Instant conjurations go trough AMFs just fine.
Okay, most magic. It's still pretty powerful to be immune to almost every targetted or AoO spell, SLA and SU in the game, with no penalty to yourself at all (since you're not using magic items). In the normal game, Antimagic Field comes with serious down-sides.
It has big penalties to yourself. You can't benefit from your own Su abilities, receive buffs from party casters, receive su auras such as bardic music, etc, etc.

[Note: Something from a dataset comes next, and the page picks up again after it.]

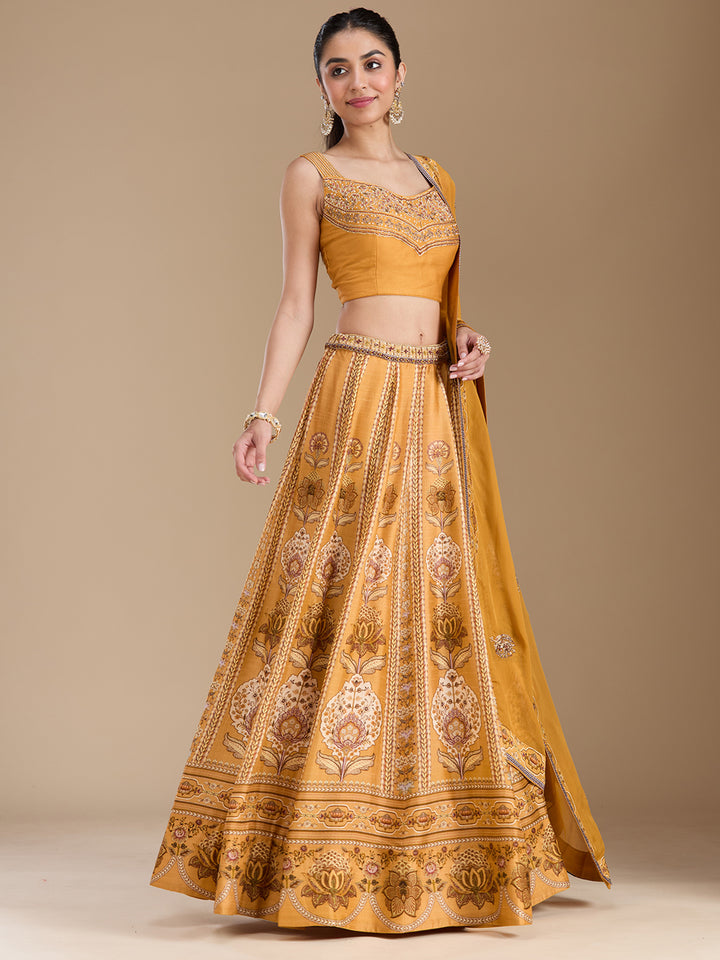 Yellow Threadwork Art Silk Readymade Lehenga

It's good to hear that at least two people around here think that they would still pick magic items over pure metal. That shows that it's not quite as unbalanced as I think, at least not in the types of games that two people play in (highly optimized games, I assume). Really, this probably just needs to be playtested. I imagine that I'm right about some of the balance problems, and wrong about others. In particular, it would be worth testing what happens when a party of PCs with magic equipment go up against a party of monsters with pure metal (and maybe one spellcaster, to balance things out).
Well, if you go by standard treasure, monsters will never have artifactwork or phantasmwork stuff (lv 20 average monster treasure is just 80 000 GP, relicwork alone has value over 115 000 GP). Only after level 13 they can afford relicwork, assuming they're medium or small sized.
And then, many monsters rely on powerful SLAs to support themselves. If they wear pure metal, they may gain raw combat numbers, but pay that in utility and variety. No teleports, mass charms, invisibilities, save-or-suck, etc, etc. And must still spend feats becoming proficient.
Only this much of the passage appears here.